RECORDS FOR PROCESSING Block Start
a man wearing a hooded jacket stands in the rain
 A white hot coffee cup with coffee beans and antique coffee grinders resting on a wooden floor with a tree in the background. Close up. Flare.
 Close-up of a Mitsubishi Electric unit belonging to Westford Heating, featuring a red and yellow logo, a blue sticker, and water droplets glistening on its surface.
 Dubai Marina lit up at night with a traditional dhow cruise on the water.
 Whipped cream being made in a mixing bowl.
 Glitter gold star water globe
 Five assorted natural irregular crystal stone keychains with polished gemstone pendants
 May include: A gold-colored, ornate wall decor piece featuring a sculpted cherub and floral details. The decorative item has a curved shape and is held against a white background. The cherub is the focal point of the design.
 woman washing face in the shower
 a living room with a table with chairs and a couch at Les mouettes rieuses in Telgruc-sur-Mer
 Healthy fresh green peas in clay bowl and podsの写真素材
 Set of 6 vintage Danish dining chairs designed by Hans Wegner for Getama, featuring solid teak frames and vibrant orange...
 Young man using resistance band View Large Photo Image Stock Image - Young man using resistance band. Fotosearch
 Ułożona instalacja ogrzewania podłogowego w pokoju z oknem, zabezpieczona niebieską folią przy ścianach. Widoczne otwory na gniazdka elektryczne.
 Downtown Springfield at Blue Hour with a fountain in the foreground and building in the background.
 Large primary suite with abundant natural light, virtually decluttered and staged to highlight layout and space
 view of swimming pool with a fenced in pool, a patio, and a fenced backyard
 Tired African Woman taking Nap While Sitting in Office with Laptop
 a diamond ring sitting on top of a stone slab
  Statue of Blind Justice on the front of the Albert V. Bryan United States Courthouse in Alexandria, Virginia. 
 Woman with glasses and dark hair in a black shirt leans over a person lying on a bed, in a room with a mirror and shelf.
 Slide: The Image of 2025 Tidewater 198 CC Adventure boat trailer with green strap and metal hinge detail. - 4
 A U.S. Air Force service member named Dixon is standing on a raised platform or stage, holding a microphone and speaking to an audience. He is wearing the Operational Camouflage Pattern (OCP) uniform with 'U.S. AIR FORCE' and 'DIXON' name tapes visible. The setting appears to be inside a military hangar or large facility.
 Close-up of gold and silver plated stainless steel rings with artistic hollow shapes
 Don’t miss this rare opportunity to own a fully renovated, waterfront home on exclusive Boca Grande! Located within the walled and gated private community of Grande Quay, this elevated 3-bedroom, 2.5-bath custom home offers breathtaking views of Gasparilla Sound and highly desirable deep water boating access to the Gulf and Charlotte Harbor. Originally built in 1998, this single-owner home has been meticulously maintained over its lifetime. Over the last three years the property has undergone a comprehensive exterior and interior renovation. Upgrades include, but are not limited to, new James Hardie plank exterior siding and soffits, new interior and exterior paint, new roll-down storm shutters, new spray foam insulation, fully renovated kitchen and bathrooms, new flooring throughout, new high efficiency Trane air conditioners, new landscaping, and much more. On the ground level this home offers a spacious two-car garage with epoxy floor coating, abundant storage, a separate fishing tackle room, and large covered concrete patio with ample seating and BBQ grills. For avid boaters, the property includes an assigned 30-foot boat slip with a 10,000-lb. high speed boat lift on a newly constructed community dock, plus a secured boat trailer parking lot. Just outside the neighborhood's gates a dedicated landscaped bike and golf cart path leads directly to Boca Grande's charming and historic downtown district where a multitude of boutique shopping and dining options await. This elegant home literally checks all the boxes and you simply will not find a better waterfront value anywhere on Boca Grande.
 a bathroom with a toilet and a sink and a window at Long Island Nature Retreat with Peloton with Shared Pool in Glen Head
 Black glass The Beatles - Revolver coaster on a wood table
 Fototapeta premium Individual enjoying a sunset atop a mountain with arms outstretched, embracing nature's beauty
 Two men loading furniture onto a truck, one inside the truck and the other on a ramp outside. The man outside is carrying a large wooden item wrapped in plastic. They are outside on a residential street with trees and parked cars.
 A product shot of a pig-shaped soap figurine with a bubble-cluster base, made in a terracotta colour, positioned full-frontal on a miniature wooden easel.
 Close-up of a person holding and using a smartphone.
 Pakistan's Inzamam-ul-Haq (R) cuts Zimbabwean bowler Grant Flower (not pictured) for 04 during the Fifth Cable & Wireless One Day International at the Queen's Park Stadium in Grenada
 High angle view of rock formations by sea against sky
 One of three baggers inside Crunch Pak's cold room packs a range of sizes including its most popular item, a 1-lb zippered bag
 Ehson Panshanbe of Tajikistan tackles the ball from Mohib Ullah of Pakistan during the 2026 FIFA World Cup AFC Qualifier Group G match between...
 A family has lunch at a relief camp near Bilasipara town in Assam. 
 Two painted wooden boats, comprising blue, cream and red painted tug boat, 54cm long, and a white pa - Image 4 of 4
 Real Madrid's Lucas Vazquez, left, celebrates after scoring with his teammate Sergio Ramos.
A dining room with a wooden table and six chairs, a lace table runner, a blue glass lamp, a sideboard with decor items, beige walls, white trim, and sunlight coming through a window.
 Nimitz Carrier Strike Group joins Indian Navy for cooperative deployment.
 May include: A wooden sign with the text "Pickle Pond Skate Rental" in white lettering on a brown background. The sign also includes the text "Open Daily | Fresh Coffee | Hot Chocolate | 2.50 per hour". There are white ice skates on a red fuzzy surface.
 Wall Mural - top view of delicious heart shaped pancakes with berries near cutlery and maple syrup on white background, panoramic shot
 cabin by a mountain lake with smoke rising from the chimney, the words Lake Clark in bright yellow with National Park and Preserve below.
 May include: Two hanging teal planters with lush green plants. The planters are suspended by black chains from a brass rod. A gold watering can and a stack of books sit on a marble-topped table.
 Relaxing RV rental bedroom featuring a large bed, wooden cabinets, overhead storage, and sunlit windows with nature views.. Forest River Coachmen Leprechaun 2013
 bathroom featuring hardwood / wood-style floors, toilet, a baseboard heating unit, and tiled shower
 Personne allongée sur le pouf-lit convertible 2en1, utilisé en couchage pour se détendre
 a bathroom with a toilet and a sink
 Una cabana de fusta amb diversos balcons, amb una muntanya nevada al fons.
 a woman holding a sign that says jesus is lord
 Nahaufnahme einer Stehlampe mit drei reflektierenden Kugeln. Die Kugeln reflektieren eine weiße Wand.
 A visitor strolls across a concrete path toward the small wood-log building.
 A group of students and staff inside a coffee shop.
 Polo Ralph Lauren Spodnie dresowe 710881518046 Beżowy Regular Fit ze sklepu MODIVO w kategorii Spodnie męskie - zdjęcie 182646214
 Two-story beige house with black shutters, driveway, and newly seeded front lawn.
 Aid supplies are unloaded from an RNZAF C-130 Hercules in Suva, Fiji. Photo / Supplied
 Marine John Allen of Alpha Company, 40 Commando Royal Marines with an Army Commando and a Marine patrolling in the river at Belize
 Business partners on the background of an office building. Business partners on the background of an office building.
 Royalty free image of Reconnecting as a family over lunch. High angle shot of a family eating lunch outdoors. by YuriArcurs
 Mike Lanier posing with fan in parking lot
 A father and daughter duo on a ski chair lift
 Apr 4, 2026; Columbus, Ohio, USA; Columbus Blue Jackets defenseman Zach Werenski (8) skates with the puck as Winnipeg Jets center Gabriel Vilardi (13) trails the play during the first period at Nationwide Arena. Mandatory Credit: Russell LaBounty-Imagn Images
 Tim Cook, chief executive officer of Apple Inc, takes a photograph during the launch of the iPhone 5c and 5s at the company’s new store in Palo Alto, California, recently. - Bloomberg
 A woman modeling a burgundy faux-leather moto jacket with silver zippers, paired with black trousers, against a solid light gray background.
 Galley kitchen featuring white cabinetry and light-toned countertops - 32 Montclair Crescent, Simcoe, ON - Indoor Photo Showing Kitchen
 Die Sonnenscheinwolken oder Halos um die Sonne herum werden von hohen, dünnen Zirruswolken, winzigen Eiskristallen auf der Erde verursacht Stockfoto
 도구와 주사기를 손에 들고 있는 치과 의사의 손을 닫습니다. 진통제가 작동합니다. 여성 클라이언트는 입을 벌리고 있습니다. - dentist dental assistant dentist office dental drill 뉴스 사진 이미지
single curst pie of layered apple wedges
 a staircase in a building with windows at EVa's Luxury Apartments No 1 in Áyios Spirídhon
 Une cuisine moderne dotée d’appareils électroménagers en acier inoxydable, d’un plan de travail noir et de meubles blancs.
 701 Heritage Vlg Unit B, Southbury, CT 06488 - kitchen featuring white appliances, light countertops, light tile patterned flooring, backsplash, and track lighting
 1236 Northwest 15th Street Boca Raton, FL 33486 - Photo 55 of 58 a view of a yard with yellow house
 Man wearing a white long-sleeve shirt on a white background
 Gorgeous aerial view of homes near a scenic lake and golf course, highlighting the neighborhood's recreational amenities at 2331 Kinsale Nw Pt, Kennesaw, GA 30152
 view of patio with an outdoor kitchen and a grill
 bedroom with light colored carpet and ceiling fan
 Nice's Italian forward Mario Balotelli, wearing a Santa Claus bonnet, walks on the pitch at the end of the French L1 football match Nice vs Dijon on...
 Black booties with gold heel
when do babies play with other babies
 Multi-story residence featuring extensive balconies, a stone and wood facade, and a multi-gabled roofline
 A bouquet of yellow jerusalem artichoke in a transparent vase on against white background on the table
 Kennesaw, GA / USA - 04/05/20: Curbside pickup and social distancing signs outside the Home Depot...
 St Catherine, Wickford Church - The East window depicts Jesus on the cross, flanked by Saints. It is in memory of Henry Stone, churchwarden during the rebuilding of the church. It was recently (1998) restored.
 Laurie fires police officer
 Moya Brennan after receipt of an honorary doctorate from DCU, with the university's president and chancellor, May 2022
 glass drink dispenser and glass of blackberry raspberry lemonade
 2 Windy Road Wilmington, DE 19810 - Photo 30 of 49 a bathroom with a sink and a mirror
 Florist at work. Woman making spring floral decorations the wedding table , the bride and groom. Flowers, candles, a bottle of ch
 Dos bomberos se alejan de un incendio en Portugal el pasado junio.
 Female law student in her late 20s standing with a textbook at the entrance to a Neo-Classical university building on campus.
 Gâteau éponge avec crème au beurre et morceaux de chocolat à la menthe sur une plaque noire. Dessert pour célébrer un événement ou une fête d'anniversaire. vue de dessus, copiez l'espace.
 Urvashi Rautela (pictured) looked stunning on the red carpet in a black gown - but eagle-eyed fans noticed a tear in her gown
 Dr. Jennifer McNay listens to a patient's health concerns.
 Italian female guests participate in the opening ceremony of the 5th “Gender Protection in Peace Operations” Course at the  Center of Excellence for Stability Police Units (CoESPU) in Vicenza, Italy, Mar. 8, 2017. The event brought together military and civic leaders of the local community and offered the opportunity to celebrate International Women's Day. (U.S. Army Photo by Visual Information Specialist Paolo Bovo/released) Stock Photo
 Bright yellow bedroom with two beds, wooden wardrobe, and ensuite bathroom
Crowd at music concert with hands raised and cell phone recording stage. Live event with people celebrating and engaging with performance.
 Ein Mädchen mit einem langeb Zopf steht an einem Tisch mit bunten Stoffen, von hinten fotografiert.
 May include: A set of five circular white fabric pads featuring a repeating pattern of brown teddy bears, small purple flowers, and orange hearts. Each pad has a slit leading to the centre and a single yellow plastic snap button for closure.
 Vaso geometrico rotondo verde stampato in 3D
RECORDS FOR PROCESSING Block End
The first line of the listing above through the line containing "Close-up of a Mitsubishi": print exactly that, both ends included.

a man wearing a hooded jacket stands in the rain
 A white hot coffee cup with coffee beans and antique coffee grinders resting on a wooden floor with a tree in the background. Close up. Flare.
 Close-up of a Mitsubishi Electric unit belonging to Westford Heating, featuring a red and yellow logo, a blue sticker, and water droplets glistening on its surface.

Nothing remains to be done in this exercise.